▶ _Captioned web images_
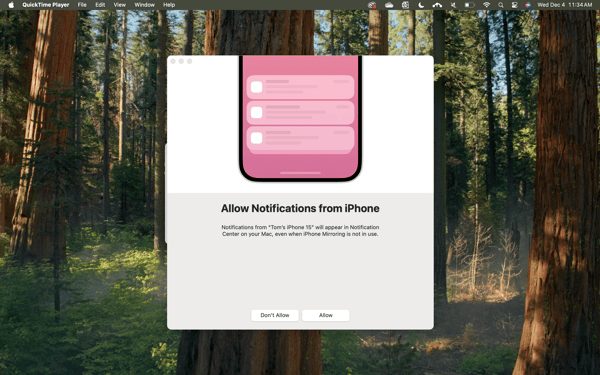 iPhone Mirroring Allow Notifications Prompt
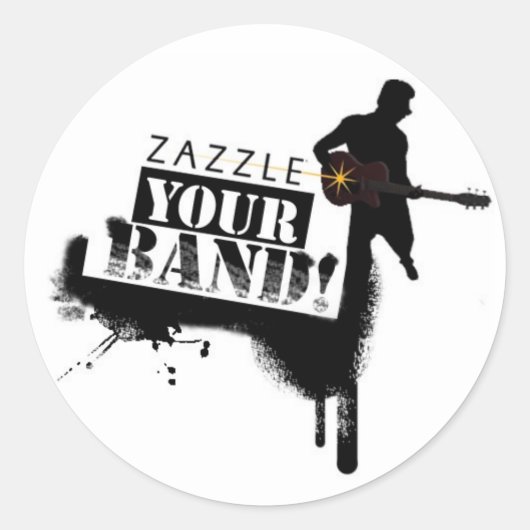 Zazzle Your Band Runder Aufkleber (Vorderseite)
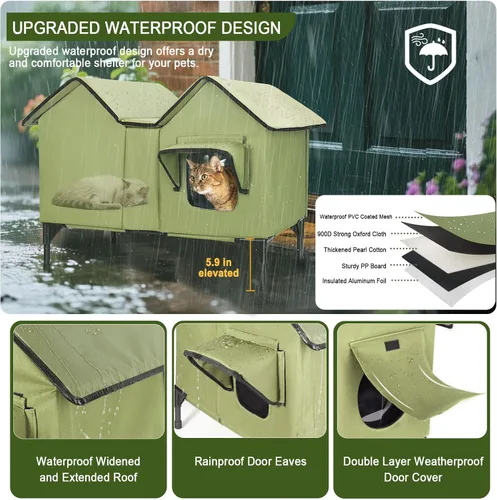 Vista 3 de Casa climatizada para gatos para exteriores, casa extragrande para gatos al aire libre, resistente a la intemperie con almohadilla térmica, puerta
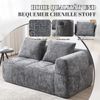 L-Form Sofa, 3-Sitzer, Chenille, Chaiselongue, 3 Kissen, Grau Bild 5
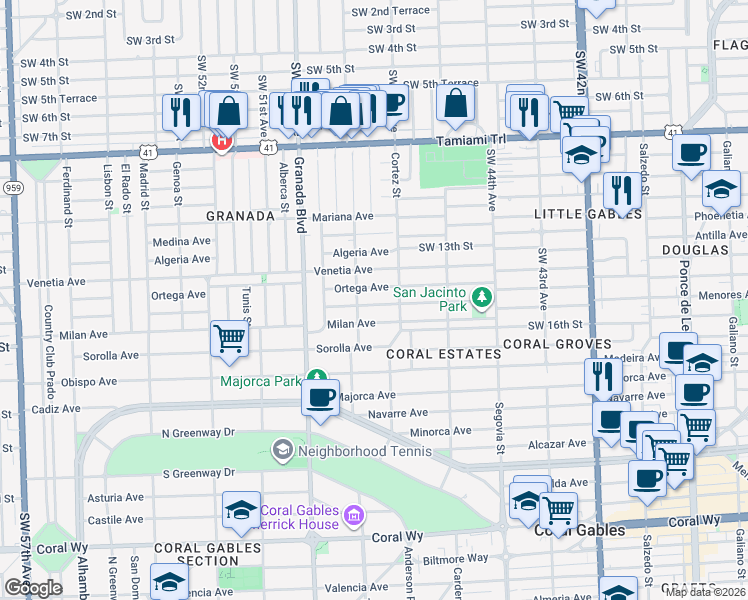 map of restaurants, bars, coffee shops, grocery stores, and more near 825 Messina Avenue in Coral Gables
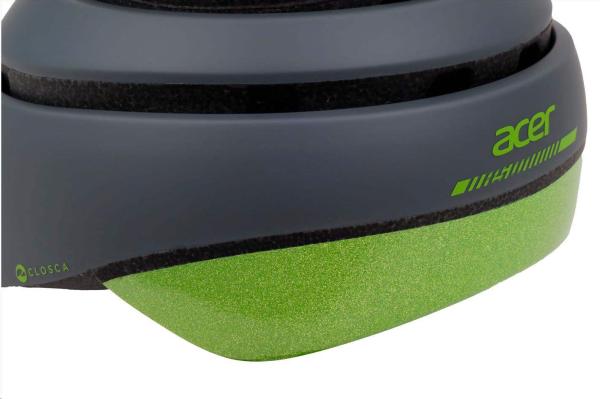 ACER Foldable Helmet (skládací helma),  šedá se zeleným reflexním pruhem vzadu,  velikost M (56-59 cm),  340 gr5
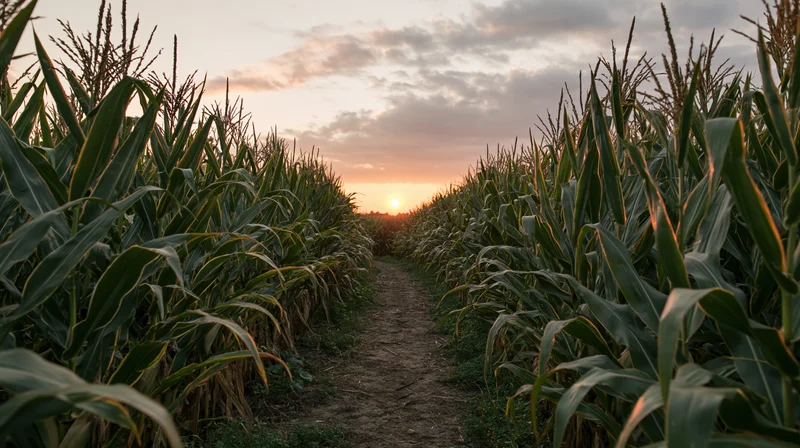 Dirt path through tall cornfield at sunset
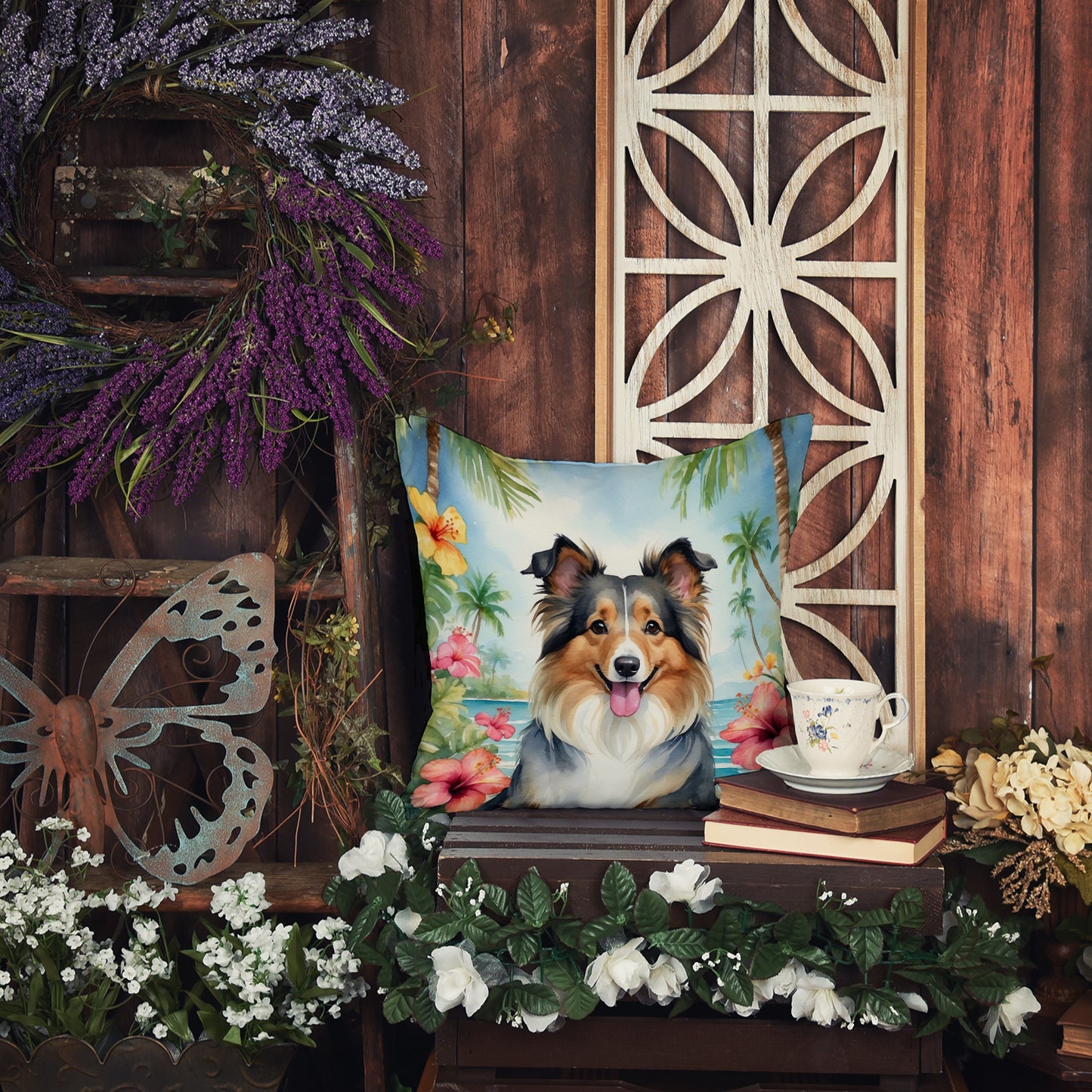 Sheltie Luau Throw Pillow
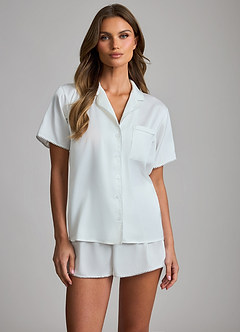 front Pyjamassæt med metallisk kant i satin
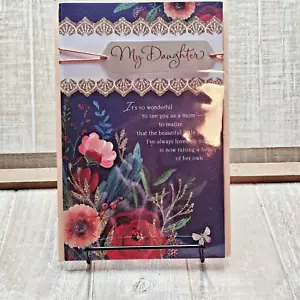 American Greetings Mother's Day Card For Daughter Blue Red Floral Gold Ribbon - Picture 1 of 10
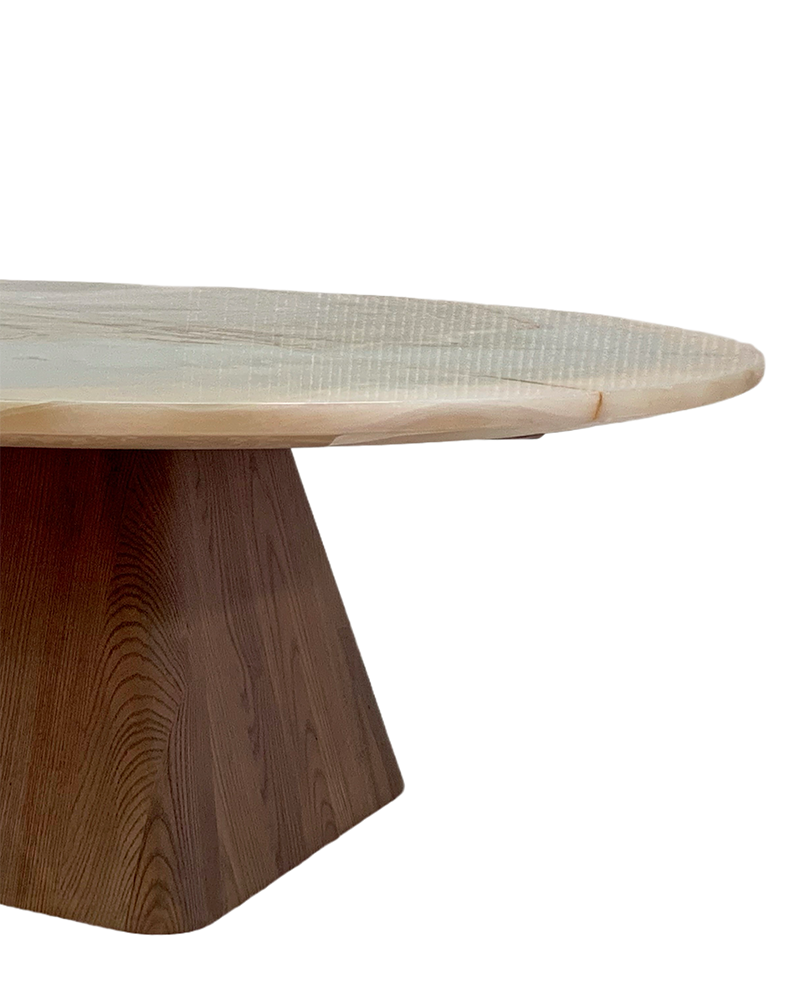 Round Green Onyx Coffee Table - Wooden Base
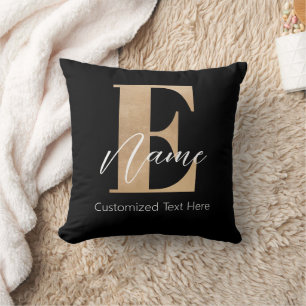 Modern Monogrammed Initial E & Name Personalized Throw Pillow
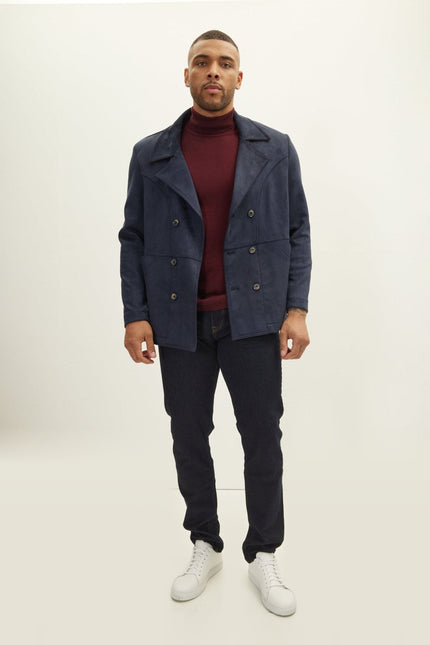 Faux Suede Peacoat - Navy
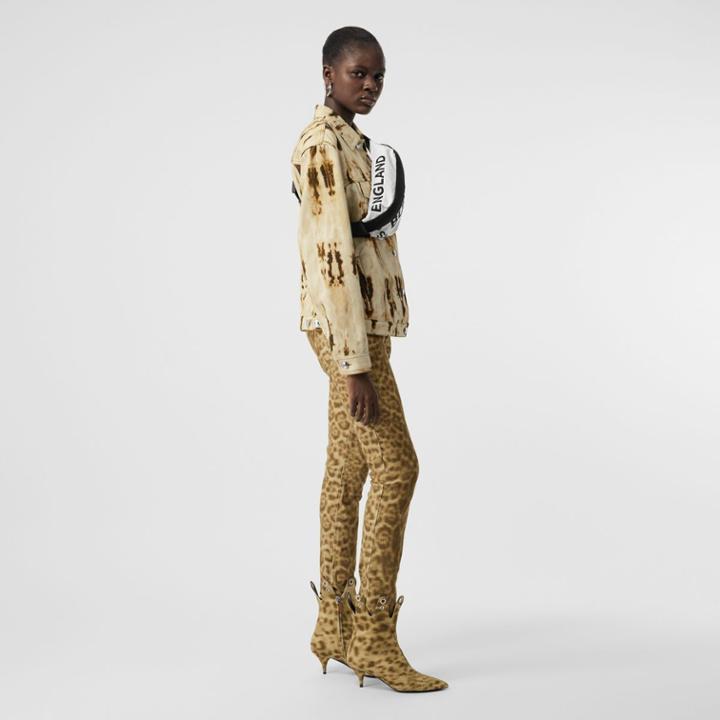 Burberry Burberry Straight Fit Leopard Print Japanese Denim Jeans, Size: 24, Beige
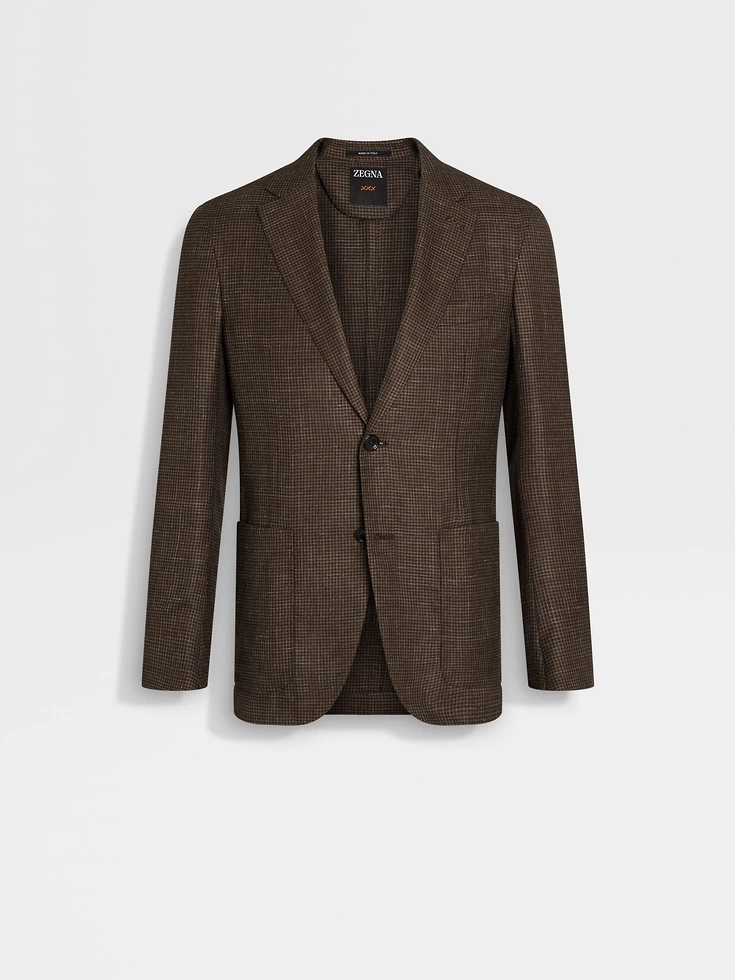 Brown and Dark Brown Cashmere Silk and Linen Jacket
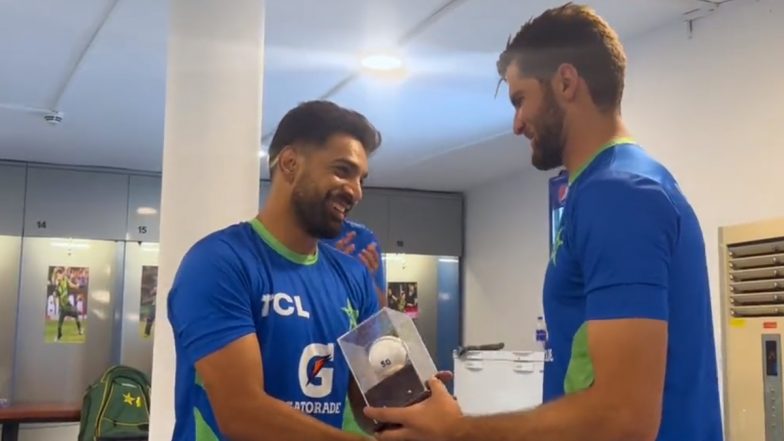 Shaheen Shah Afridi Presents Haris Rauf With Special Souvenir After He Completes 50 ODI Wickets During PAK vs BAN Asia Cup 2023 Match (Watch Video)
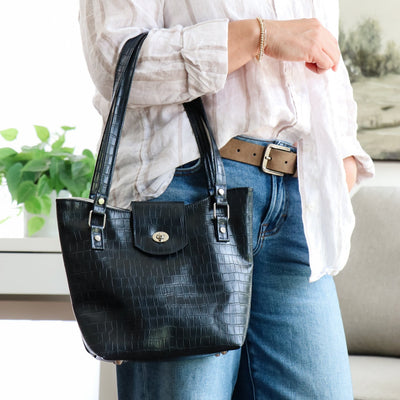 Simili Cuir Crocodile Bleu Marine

▶ _WORK INSTRUCTION_
Begin with the line containing "Modern Monogrammed Initial", stop at the last line of the records above, and copy every line in between exactly, both ends included, with no pictures.

▶ _RESPONSE_
 Modern Monogrammed Initial E & Name Personalized Throw Pillow
 Faux Suede Peacoat - Navy
 Burberry Burberry Straight Fit Leopard Print Japanese Denim Jeans, Size: 24, Beige
 Brown and Dark Brown Cashmere Silk and Linen Jacket
 Shaheen Shah Afridi Presents Haris Rauf With Special Souvenir After He Completes 50 ODI Wickets During PAK vs BAN Asia Cup 2023 Match (Watch Video)
 Simili Cuir Crocodile Bleu Marine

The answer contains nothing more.